+++ RECORDS

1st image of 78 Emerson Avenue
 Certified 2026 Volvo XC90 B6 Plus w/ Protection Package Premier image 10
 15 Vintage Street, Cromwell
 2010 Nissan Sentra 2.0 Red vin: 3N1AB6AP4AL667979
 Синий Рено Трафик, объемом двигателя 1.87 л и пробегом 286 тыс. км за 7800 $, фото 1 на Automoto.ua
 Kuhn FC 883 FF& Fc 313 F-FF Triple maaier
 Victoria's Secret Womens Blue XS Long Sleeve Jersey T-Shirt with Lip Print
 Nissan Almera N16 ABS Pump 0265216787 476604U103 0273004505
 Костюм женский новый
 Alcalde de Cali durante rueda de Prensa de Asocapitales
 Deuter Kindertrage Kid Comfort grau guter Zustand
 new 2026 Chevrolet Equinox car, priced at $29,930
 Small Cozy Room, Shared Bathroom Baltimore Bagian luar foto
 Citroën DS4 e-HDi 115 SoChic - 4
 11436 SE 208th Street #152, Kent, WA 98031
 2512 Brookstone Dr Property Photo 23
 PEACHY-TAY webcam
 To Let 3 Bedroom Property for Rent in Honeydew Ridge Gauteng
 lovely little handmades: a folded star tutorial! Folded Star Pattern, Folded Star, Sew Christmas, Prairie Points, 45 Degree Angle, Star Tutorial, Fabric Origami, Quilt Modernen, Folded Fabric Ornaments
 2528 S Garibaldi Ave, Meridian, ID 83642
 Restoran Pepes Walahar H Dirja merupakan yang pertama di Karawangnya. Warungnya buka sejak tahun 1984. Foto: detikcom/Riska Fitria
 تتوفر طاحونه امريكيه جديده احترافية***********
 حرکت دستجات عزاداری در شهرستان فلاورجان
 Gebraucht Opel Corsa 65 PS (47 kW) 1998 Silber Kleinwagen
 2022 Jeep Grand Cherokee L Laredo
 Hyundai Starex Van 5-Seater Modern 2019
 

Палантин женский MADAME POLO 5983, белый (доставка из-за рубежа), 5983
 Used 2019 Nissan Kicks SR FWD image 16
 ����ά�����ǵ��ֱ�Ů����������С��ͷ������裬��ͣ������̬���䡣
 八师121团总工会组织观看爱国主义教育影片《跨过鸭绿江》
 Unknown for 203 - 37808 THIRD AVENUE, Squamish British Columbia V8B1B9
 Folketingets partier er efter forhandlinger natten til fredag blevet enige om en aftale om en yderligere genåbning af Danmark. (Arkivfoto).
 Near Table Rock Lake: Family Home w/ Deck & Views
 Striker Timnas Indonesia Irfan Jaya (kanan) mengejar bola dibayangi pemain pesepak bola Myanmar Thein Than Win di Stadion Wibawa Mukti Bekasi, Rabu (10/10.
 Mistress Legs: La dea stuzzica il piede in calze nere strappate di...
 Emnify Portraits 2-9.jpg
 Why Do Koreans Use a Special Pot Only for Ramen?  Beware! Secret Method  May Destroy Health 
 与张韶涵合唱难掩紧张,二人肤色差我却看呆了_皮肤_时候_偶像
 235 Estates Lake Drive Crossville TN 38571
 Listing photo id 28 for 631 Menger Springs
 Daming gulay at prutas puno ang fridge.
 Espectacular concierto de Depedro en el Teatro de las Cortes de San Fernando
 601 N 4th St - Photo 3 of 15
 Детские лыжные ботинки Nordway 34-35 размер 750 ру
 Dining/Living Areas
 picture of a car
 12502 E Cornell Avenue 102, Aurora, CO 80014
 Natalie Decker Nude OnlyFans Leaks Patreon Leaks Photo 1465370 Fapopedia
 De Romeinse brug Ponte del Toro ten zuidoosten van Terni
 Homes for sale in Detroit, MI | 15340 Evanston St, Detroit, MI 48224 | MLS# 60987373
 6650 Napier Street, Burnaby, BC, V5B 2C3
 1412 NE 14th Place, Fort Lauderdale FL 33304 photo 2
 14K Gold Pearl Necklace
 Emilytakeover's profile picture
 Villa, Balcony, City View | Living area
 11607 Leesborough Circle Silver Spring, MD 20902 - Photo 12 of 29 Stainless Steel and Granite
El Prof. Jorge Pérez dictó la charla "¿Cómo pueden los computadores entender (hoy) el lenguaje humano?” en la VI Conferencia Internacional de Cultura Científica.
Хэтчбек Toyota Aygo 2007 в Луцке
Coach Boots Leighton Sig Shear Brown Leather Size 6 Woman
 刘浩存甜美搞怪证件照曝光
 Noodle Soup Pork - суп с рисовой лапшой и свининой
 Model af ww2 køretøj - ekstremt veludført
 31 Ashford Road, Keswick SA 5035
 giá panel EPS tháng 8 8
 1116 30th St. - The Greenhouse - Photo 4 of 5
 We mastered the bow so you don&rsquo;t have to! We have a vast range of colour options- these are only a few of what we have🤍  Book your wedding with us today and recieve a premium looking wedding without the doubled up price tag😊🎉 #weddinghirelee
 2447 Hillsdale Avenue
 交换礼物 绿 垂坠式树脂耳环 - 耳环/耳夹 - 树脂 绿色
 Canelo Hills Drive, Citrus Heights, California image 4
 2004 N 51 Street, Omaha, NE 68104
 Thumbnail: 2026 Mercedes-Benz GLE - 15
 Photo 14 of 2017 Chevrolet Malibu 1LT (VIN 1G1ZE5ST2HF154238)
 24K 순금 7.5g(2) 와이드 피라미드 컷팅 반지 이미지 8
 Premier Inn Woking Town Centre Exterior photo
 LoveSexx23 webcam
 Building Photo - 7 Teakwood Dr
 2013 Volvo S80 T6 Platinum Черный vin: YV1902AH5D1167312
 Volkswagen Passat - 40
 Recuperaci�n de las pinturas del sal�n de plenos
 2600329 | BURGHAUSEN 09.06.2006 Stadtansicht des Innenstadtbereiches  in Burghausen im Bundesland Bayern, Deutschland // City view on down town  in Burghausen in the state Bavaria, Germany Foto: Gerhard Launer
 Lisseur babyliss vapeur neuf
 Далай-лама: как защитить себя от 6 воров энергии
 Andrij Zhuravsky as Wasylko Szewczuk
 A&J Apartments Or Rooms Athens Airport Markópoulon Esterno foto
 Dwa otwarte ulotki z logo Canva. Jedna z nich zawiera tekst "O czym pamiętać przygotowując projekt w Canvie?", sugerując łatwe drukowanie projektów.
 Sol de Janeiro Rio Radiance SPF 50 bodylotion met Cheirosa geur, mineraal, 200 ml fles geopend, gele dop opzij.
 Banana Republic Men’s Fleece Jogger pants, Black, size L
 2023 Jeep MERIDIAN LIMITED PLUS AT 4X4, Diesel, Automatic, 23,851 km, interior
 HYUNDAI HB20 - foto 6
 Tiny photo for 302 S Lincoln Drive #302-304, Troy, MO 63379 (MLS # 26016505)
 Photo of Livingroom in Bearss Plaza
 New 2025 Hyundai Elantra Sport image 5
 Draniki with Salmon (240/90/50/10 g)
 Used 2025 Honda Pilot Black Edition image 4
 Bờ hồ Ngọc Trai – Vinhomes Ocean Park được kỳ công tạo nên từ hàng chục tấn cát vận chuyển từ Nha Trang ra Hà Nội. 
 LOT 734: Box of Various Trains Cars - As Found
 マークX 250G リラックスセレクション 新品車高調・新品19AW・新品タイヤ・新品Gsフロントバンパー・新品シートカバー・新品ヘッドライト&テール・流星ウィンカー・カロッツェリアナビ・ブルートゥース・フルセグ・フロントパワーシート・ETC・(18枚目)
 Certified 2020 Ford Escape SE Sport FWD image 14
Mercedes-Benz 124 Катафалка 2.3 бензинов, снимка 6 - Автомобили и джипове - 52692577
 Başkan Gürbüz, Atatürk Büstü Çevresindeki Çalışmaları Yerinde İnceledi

++++++

■ **WORK REQUIRED**
Please transcribe the data above without changes, from its first line to its "Victoria's Secret Womens" line, and leave out anything past that.

■ **WRITTEN ANSWER**
1st image of 78 Emerson Avenue
 Certified 2026 Volvo XC90 B6 Plus w/ Protection Package Premier image 10
 15 Vintage Street, Cromwell
 2010 Nissan Sentra 2.0 Red vin: 3N1AB6AP4AL667979
 Синий Рено Трафик, объемом двигателя 1.87 л и пробегом 286 тыс. км за 7800 $, фото 1 на Automoto.ua
 Kuhn FC 883 FF& Fc 313 F-FF Triple maaier
 Victoria's Secret Womens Blue XS Long Sleeve Jersey T-Shirt with Lip Print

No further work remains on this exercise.